Long long ago, there was a woman who was very sad. For she was not pretty and her husband did not like to look at her. How she wished that she were beautiful!
One day, her husband met another woman who was very pretty. This woman adviced him to leave his first wife and marry her instead. So he did and left his home, leaving his first wife alone.
The poor women cried every day. She wondered what she had done that destiny was meting out such a cruel treatment to her. Nothing could bring joy to her. She yearned to hear his husband's footsteps again but knew that he had left her for ever.
One day as she was crying by the well, where she had gone for water, she heard the voice of a woman. She turned around to see a lovely woman standing before her.
"Why are you weeping?" asked the lady.
"My husband has left me and gone to live with another wife." the poor wife replied.
"Why? Did you two quarrel?" asked the woman.
"No. He left me because I do not have a pretty face," answered the wife.
The lovely woman touched the face of the wife with her hands and said, "That is so bad. But go home dear. Everything will be alright. I must go too".
The sad wife went back home, little knowing that the woman she had just met was a witch. She finished her daily chores and was about to sleep when she was startled to find a very beautiful woman standing in her room, staring at her. Soon she realized that she was standing before the mirror, staring at her own face that had magically changed into a countenance that could well be described as the prettiest in town.
Soon, news spread through the town that the plain woman in such and such a house had been transformed into a very beautiful woman. Many young men went to see the pretty woman, and all were pleased with her beauty.
Soon the bad husband came to the house. And how he was surprised to find that her plain wife was now a pretty woman, living alone by herself. He tried to persuade her into accepting him back into her life. But she would not listen
to his entreaties. He promised never to leave her again and said,
"Now I understand that this miracle has happened only to bring me back to my senses. Even if you were your plain self, I would have wanted to come back to you. I promise that I will never make such a mistake again".
The lady at first refused to believe him. But at last she said:
"If you will leave the woman who is now your wife and come to live with me right along I will take you for my husband."

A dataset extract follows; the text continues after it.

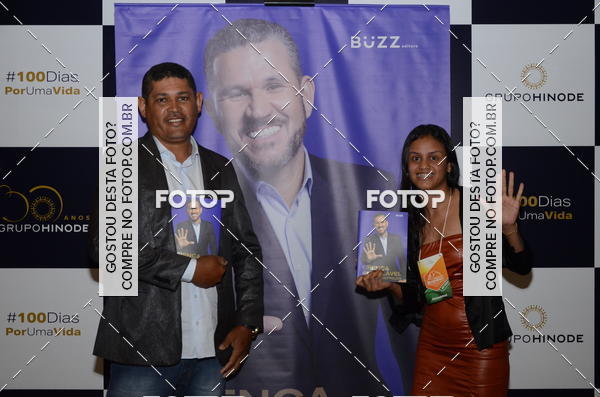 Buy your photos of the eventHinode Fest 18/08 on Fotop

The man agreed, and the pretty wife took him back in her house.
When the other woman heard about all this, she became very angry. She had also heard about the transformation of the plain wife and how she was changed by a witch. All plain women of the town had already started to visit that well in the hope of meeting the witch some day in their lives. This woman went there too, for she hoped that the witch would make her even more beautiful than her husband's first wife. She determined to try what the witch could do for her, and went to get water at the same well. Once she reached there, she kept her pitcher by her side and began to cry loudly.
But the witch knew what was in her mind. While she made herself visible only to poor souls, she made an exception this time. She appeared before the woman and asked: "Why are you weeping, my good woman?"
The woman told her that her husband had gone away to live with the pretty woman. As she was speaking, the witch touched her face, and said:
"Go home, my good woman, and do not weep, for your husband will come very soon to see you."
Overjoyed, the woman ran home as fast as she could and shut her door. Then she took a deep breath and looked at her mirror.
But what was this? Gone was all her beauty. Was this her own face? Her nose was about two feet long, her ears looked like large handkerchiefs, and her eyes were as big as saucers.
Frightened, she ran back to her mother. But not even her own mother could recognize her. In fact, whoever saw her became afraid of such a creature. When she understood how ugly she was, she refused to eat, and in a few days she died.